Это новое обстоятельство смутило Касторпа. Разумеется, предложение было весьма заманчивым, но, с другой стороны, если он правильно запомнил сведения, почерпнутые из путеводителя Брокгауза, район Лангфур (Вжещ) находился в добрых пяти километрах от центра. Таким образом, он еще до завтрака становился должником Кьекерникса, при том что сумма превышала стандартную цену поездки с вокзала, и потому довольно решительно заявил: «Я заплачу!», после чего, спрыгнув на тротуар, полез за бумажником.

— Исключено, — Кьекерникс, уже стоявший рядом, крепко схватил его за запястье. — Вы еще успеете потратить кучу денег, молодой человек, да и получается, что это я, если можно так выразиться, ввел вас в расход, поскольку вы любезно приняли мое приглашение. Повторяю: исключено! Говорите, куда везти багаж?

— Вжещ, Каштановая улица, 1, второй этаж с фасада, госпожа Хильдегарда Вибе, вдова обер-лейтенанта императорского гусарского полка.





— Запомнил? — рявкнул Кьекерникс, обращаясь к извозчику. — Ну, гони, а мы с вами, дружище, за стол!

Только сейчас Касторп заметил, что наблюдающий за этой сценой гостиничный швейцар усмехается в усы, как будто видел подобное уже не раз; впрочем, возможно, Гансу так только показалось, потому что услужливо распахнувший перед ними широкую дверь, согнувшийся в поклоне верзила в униформе не похож был на человека, способного улыбаться.
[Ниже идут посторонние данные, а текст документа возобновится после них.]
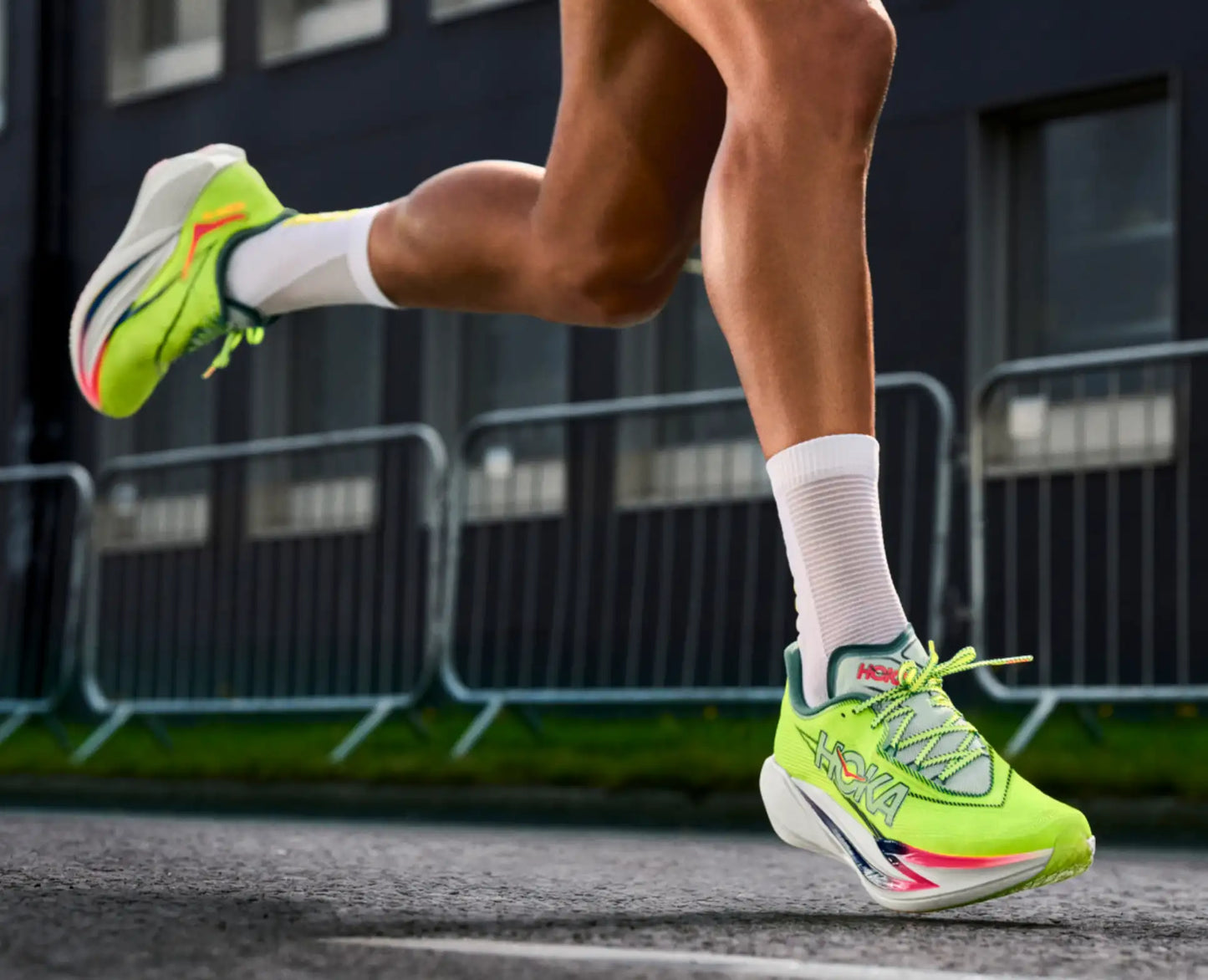 Hoka Cielo X1 3.0 Unisex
— Проклятое мое брюхо, как говаривал Одиссей. — Кьекерникс при виде белоснежных скатертей, изысканной сервировки и батареи бутылок, торжественно выстроившихся на подсобном столике, впал в состояние эйфории. — Первым делом я обязан ублажить тебя и лишь потом — душу!
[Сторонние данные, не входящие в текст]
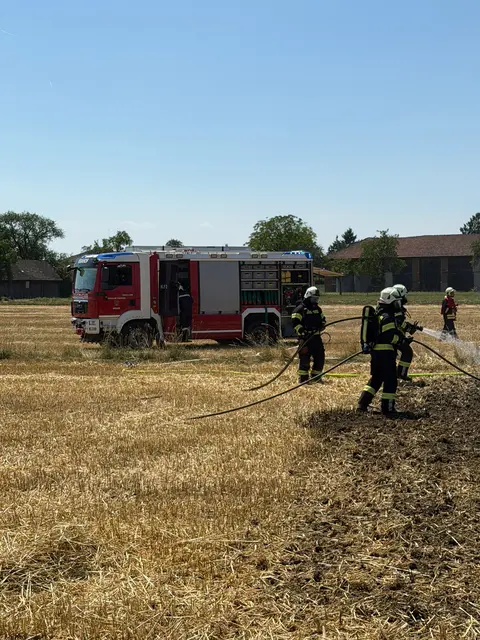 Foto: Bfkdo Amstetten / Schuller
Начали с теплых хрустящих булочек с ветчиной, к которым подали яйца всмятку и кофе с молоком. За ними последовали еще несколько разных видов хлеба, сыры, копчености и изумительные маринованные корнишоны, которые, вкупе с холодным Jopenbier[9], составили преудивительный для завтрака натюрморт. Ганс Касторп отхлебывал по маленькому глоточку из стеклянной кружки, поскольку спиртное в эту пору дня после короткого сна на корабле могло подействовать на него расслабляюще, чего он хотел бы избежать ввиду предстоящей необходимости выразить свое почтение госпоже Вибе и отдать должное обещанному голландцем портеру. Кьекерникса же ничто не сдерживало — он прямо объявил, что встреча с неким Рыпсом, представляющим интересы графа Потоцкого, назначена на следующий день, и до этого времени он не намерен потворствовать своим аскетическим склонностям, чем — под влиянием суровой мадам де Венанкур и преподобного Гропиуса — занимался на палубе «Меркурия» с раннего утра.
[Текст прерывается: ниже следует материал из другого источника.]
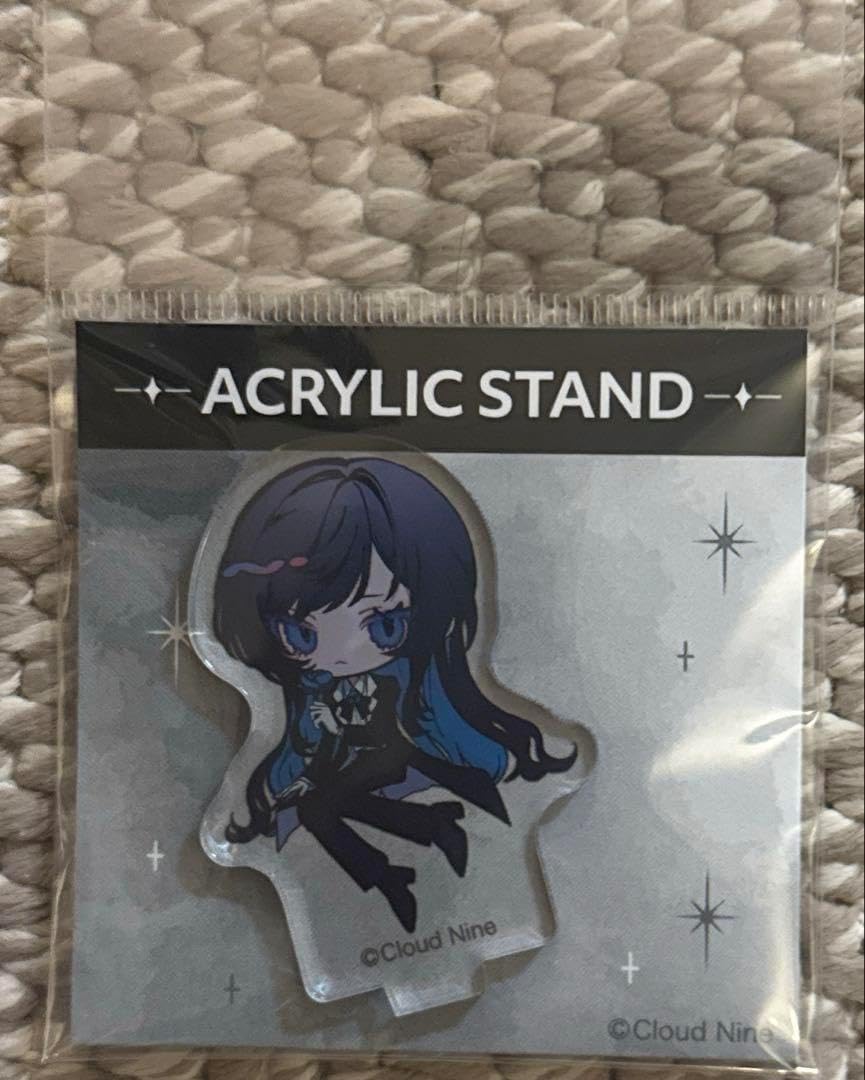 ado cloud nine park クラウドナインパーク ミニアクスタ Ado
Оба громко и от души рассмеялись.

— История с французом, пытавшимся отсудить собственность в деревне, в свое время попала в местные газеты, — сообщил Кьекерникс, одновременно подзывая кельнера. — Кто-то из этих Венанкуров, еще при польском короле, который, как всякий польский король, вступил на трон, чтобы тут же его потерять, купил там землю и построил усадьбу. Сто лет спустя, когда Наполеон осаждал город, какой-то очередной Венанкур оказал императору помощь. Поэтому прусские власти по своем возвращении якобы заставили владельца имения, угрожая судом и тюрьмой, продать принадлежащую ему собственность за бесценок. Нынешний Венанкур, супруг нашей доброй знакомой, — Кьекерникс подмигнул, — желает ту странную сделку оспорить.

— А это возможно? — Ганс Касторп наконец-то дождался портера, поданного в высоком изящном бокале.

Смешинки в глазах Кьекерникса исчезли. Его прямой греческий нос, грива седых волос, продольные морщины на лбу и ямочки, появлявшиеся на щеках, когда он улыбался, вместе взятые, складывались в классический, хотя и не без налета плутовства, образ. Однако сейчас Ганс Касторп почувствовал, что Кьекерникс посерьезнел.